1. What do you do, and how long have you been doing it?
I work as a graphics programmer at Cesium where we all do a little bit of everything. On any given day, I may be knee-deep in our open source rendering engine chasing a bug, reviewing code contributions from the community, or tweeting about an exciting new demo we put together. It’s kind of a dream job.
I’ve been part of the Cesium team for just a little over a year now.
2. What was your first job?
When I was 12, I made a flash game that earned me exactly $32 on FlashGameLicense.com. I remember receiving the payment and withdrawing the cash to hold it in my hands. It was a big deal for me because it meant I could officially call myself a “professional” programmer.
3. Where did you complete your formal education?
I was a Maths and Computer Science double major at St. Olaf College in Northfield, Minnesota. I graduated in 2018.
4. How did you first get involved with ACM SIGGRAPH
I remember stumbling on a YouTube video of one of SIGGRAPHS technical paper trailers in highschool, and being absolutely amazed. These were scientific papers, but they looked like they were performing magic. And what kind of conference releases action-packed trailers for its technical papers anyway? I remember reading about how SIGGRAPH was all about the intersection of art and tech. It was love at first sight.
It wouldn’t be until my junior year in college that I’d discover a way to get involved, through the SIGGRAPH student volunteers program.
5. What is your favorite memory of a SIGGRAPH conference?
I’ll never forget meeting Eric Haines in person. We didn’t have a computer graphics class at St. Olaf College, so I learned most of the fundamentals from his online Udacity class. I had spent such a long time listening to his voice in those lectures that it was kind of surreal meeting him in person. What was most surprising was when I walked up to him and told him I had finished his class online, before I could ask if I could take a picture with him, he asked if he could take a picture with me!

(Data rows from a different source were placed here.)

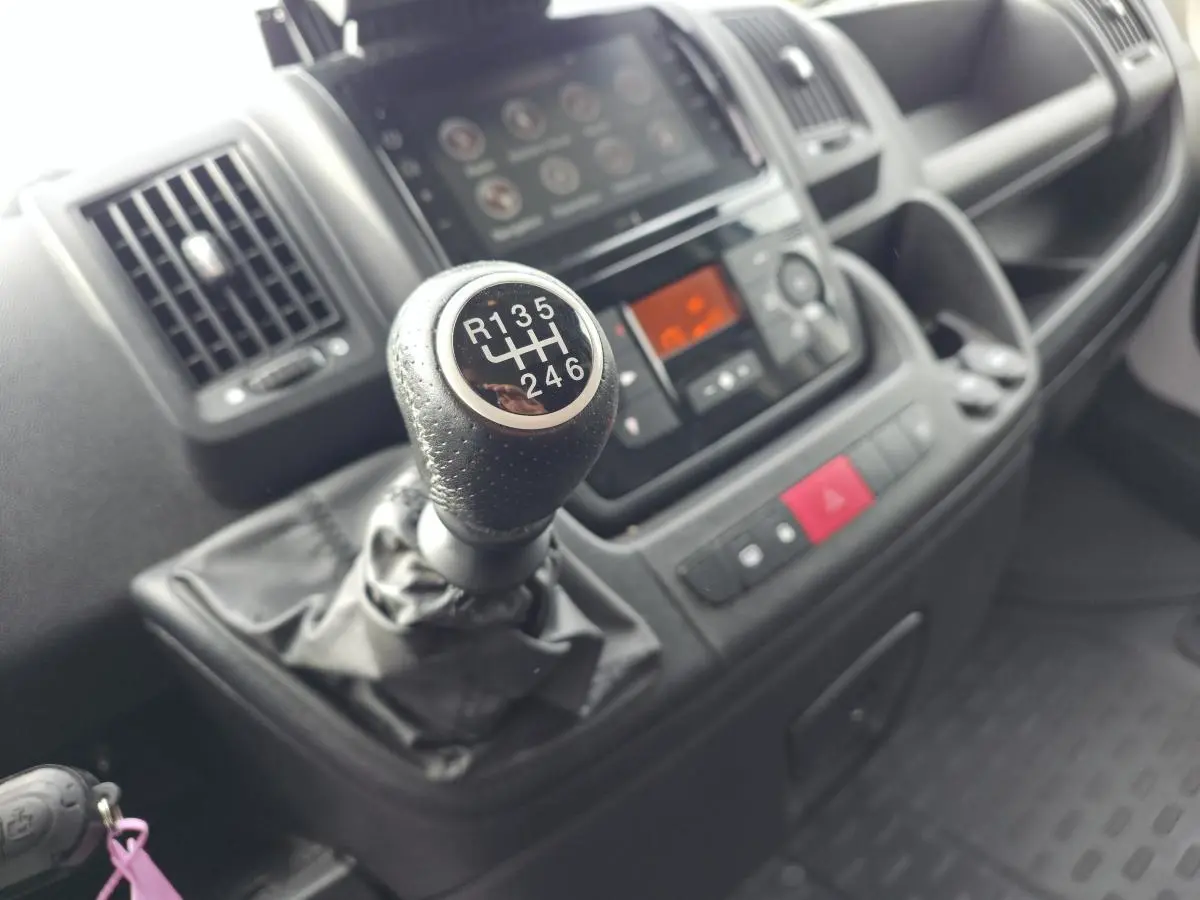 Gros plan sur le levier de vitesses manuel et la console centrale noire de l'intérieur du fourgon Opel Movano blanc.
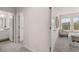 Hallway view with a bathroom and bedroom, providing easy access from room to room at 50 Leggett Dr # 184, Villa Rica, GA 30180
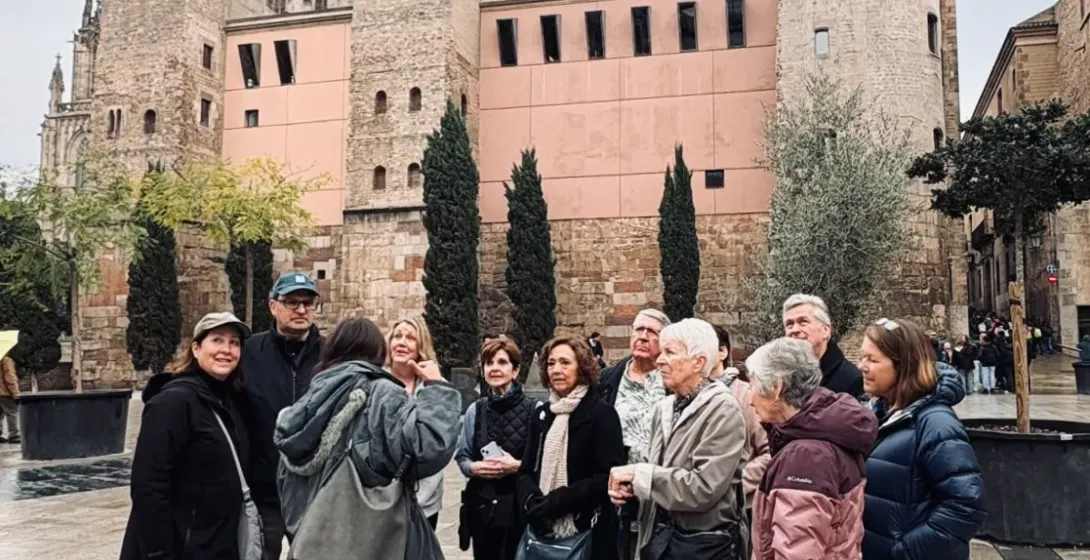 A tour guide speaking to a group of visitors in front of the Cathedral of Barcelona in the Gothic Quarter.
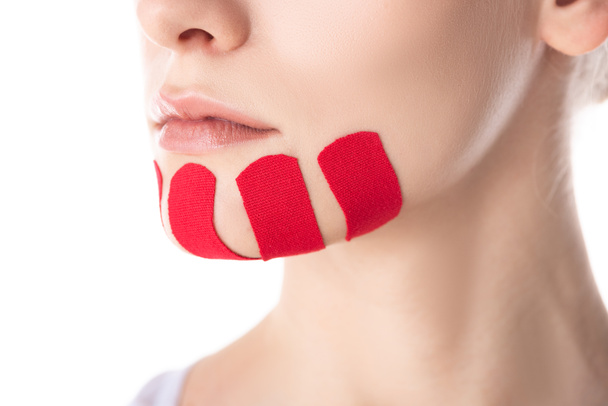 Cropped view of kinesiology tapes on chin of young woman isolated on white - Foto, imagen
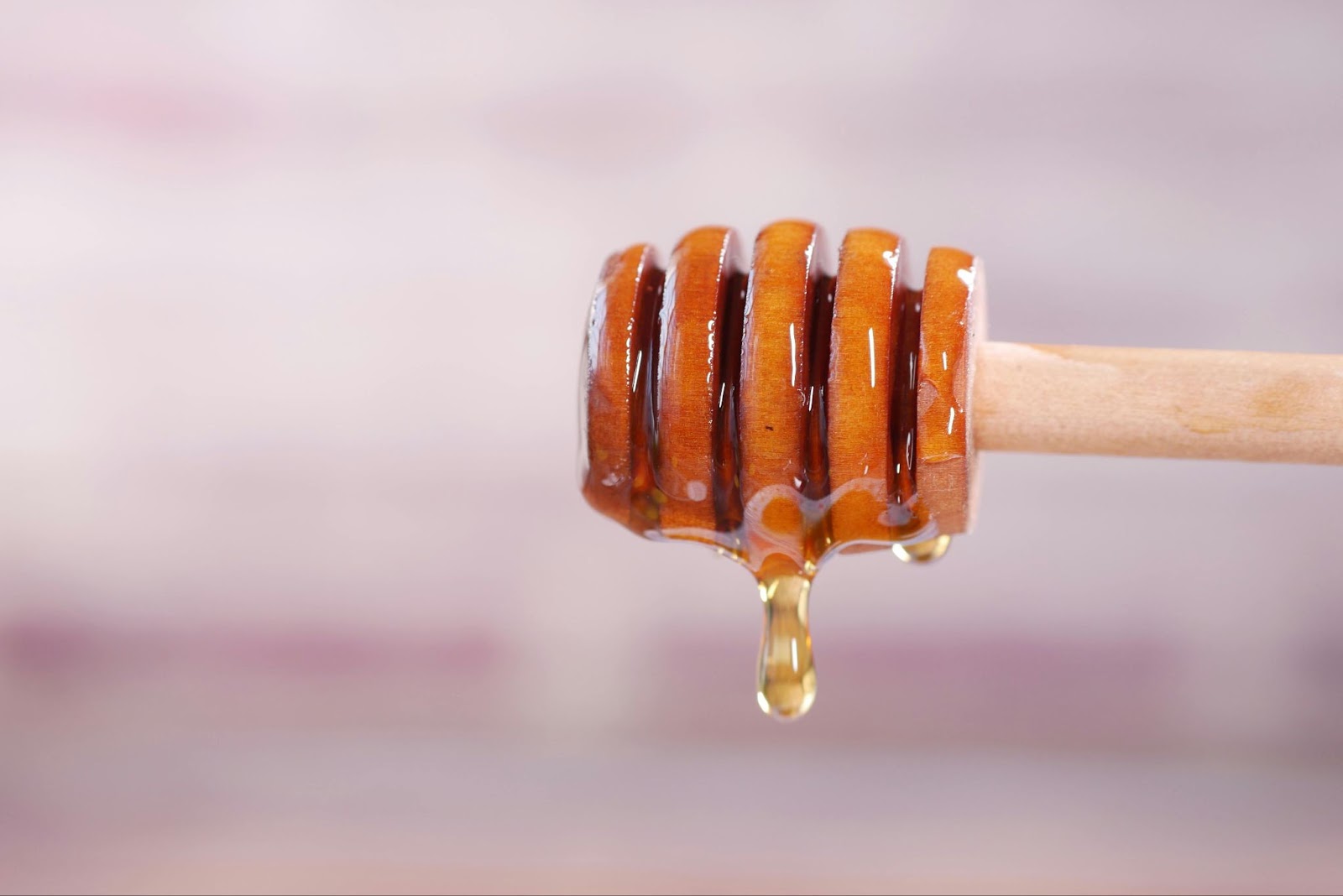 Honey dripping from a wooden dipper against a pale background.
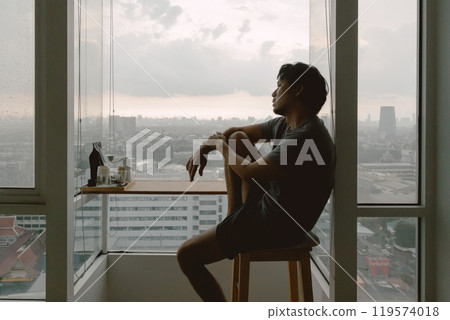 Introvert lonely man sitting hugging his knees looking out. 119574018
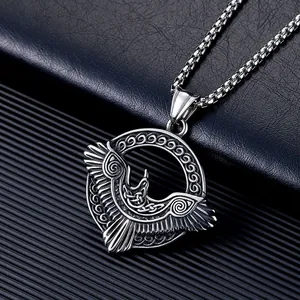Gros plan du pendentif corbeau d'Odin viking en acier inoxydable avec gravures nordiques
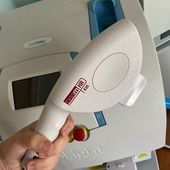 Hand holding a white laser hair removal device in front of a larger machine with a digital display.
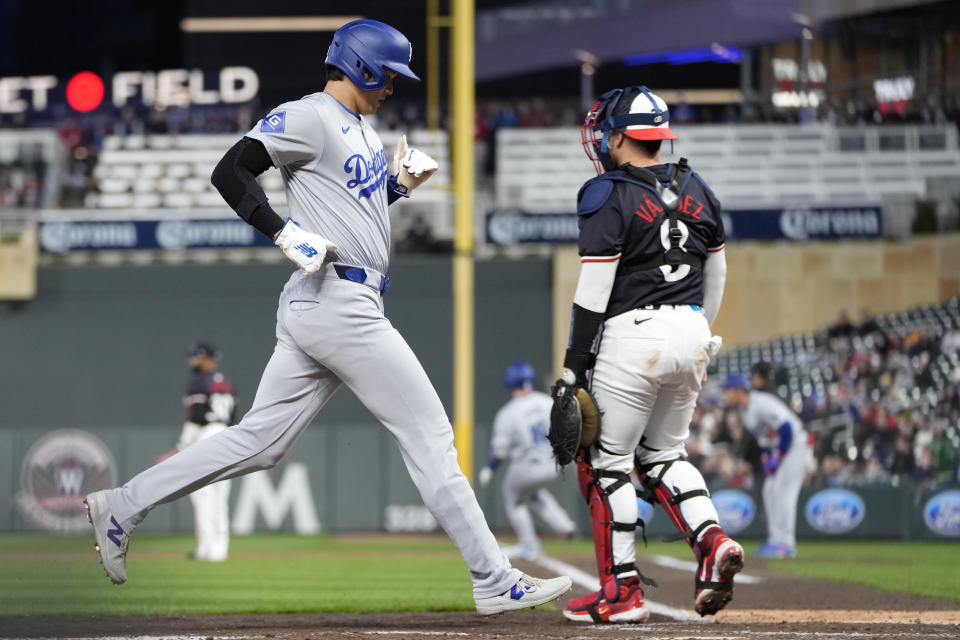 Los Angeles Dodgers designated hitter Shohei Ohtani, left, crosses home plate to score off an RBI single by Freddie Freeman during the sixth inning of a baseball game against the Minnesota Twins, Monday, April 8, 2024, in Minneapolis. (AP Photo/Abbie Parr)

Apparently, a lot of people start the class, but very few end up completing it, so he was just excited to meet someone who finished it as I was to meet this man I admired so much.
6. Describe a project that you would like to share with the ACM SIGGRAPH community.
I recently wrote an interactive article called Unraveling the JPEG, where I tried to make the joy and excitement of working with computer graphics accessible to a wider audience. The project started out when one day I was curious how JPEG compression worked, so I started fiddling around with the bytes of an image file on my desktop. To my surprise, most changes I made had no noticeable effect on the image, but changing one particular byte seemed to completely wreck the image. This was a great mystery to me at the time, and it was very fulfilling to dig deeper into the specification to unravel exactly what was going on.
This is the same kind of feeling I tried to recreate in the article. You’re given an image with all of its raw bytes, and you go along this guided exploration where nothing is dumbed down or omitted. I’m very proud of it because after releasing it, folks who know more about JPEG than I do were able to use the interactive diagrams in my own article to teach me things I didn’t know (for example, I don’t mention much about the effects of quantization, but if you know what bytes to look out for, you can see exactly how it works). That meant the article could be used as a tool for both teaching and for exploration beyond what I was able to cover. Sparking this kind of play and exploration was exactly what I hoped would happen here.
7. If you could have dinner with one living or non-living person, who would it be and why?
Bret Victor. I must have watched his “Inventing on Principle” talk at least a dozen times by now. His philosophy not just about software & design, but about the role of technologists in society, has greatly influenced much of my work and career choices. I still think about it a lot, and I recommend this talk to anyone who feels drawn to a purpose-driven way of understanding your career.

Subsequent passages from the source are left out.